The Background
In 2012, a large multi-national bank saw customer traffic through brick and mortar branches drop by 40% in its largest market. On the surface, not much appeared to have changed; the economy was still growing, some minor regulatory changes had come, but they were mostly focused on communication. Nothing ground-breaking had emerged from the competition either.
Market research said that the bank needed an improved digital experience. Mobile banking apps, investment decision-making tools, and other self-serve solutions had been earning critical praise for years, and customers seemed to love them too. Considerable effort had been made to build an array of tools that would let customers answer common financial questions, a solution that reduced their need to make a visit to a branch. This approach had been designed with the millennial in mind, but generation X and the baby boomers had also been making use of these digital enhancements.
Technology was causing behavioural change more broadly as well. Millennials were still leading the charge of digital adoption, but baby boomers were also realizing the convenience of self-serve digital solutions. The buzz around Fintech solutions like Apple PayÓ and other cashless solutions were making digital channels more accessible to a wider range of customers. In short, as consumers became more comfortable using self-serve, and the had built some great solutions to help, customer traffic dropped.
Customer Journey Mapping
This still left the traditional network with a challenge. They still had targets to hit, closing branches would upset customers (and employees), so too could reducing the size of the workforce (a little over 35,000 in 2012). While work was progressing in these areas (some branches would eventually close), it was critical that when customers did visit a branch, the team greeting them was better equipped to handle their requirements. First, we needed to understand why a customer would make a branch visit, and what they expected during and after. In short, we needed to do Customer Journey Mapping exercises.
“For the unfamiliar, Customer Journey Mapping exercises bring stakeholders from across departments together in order to explore customer goals, needs and experiences before, during and after their interactions with a company.”
Typically, these groups include marketing, sales, human resources, operations (in Banks, credit risk, and finance teams are also common). The exercises were designed to forge a common understanding across departments of key customer segments. Represented by customer personas, the team redefines customer segmentation into three groups based on profitability, and then further by life stage (this will vary by industry). While Risk and Product teams will identify opportunities for their teams to add value; Marketing will find ways to be more relevant and timely; Sales, Human resources, and Operations will also identify their own opportunities for improvement.
Early Findings – Look at Employee Onboarding
Recruitment, Training, Sales all had separate databases, only occasional presentations between teams were made. Insights were combined haphazardly, or more plainly,
“Sales teams complained about Training, and Recruitment while Recruitment and Training complained about the lack of constructive, timely feedback from sales teams.”
No dashboard existed tying together who had interviewed, trained, and managed an employee to with performance data. In short, the employee onboarding experience was not clearly understood from a performance perspective.

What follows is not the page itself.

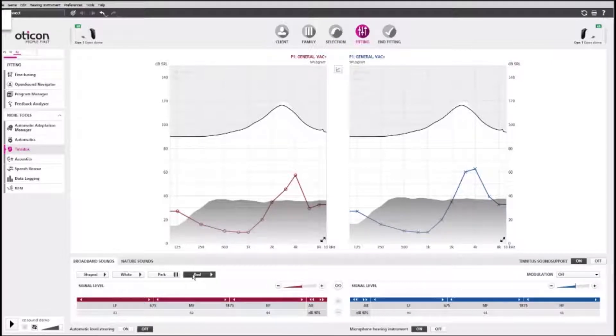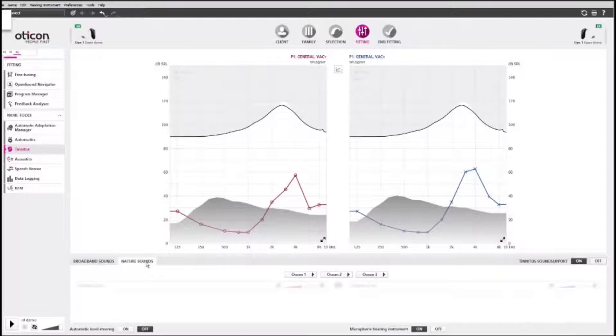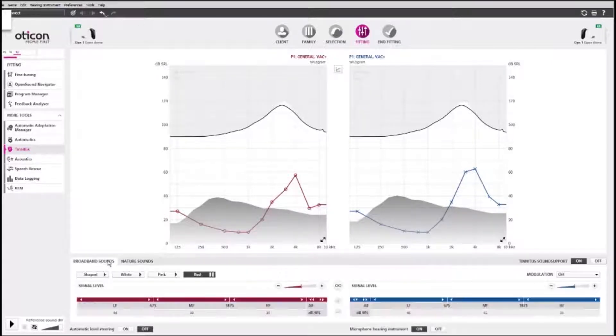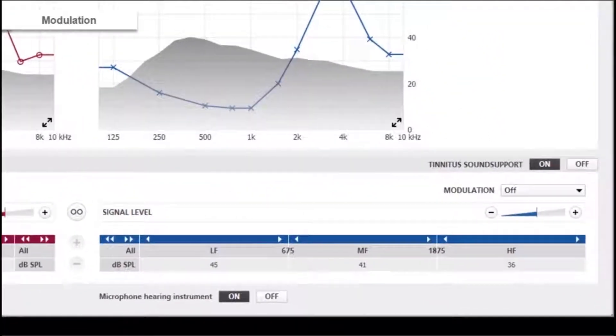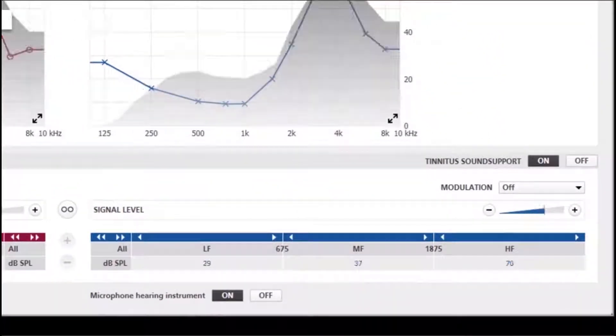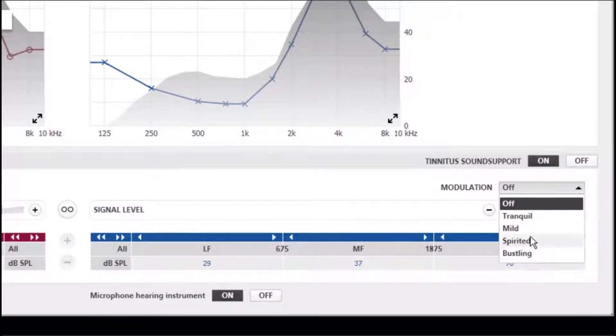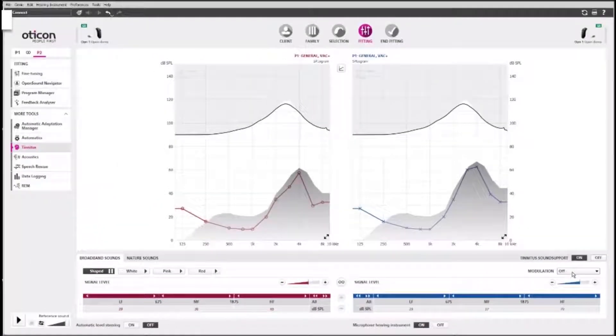White is flat, while pink and red have decreasing spectrums. The Nature Sounds tab gives you access to three relief sounds that mimic the rhythm of the ocean. The modulation feature varies the depth and speed of the broadband sound over time. You can choose between four different modulation settings.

There were two steps to solving this:
First, this employee onboarding experience was mapped into a performance dashboard that captured:
Recruitment Source à Recruiter Interview à Panel Interview à Training Branch à Assigned Trainer/Manager/Branch à Placement Branch à Performance Through First Annual Review
Second, the customer segmentation and customer journey mapping work suggested a new approach to training would better suit the learners and customers. This new approach included the addition of several new training workshops focused on improving discovery and advisory skills during customer interactions.
“Trainees, – especially millennials – often feel their contributions are not making a difference to their colleagues, their customers, or the organization – findings that were confirmed through employee satisfaction surveys. A small change to the training program made a significant improvement to trainee performance and customers satisfaction.”
Like many industries, financial services is a seasonal business, during tax season customer needs were often different than during summer months. Trainees were hired throughout the year, and for most, confidence in front of customers and an ability to support their team –“ which they wanted”, would come only with practical exposure (having the customer conversation, completing a transaction).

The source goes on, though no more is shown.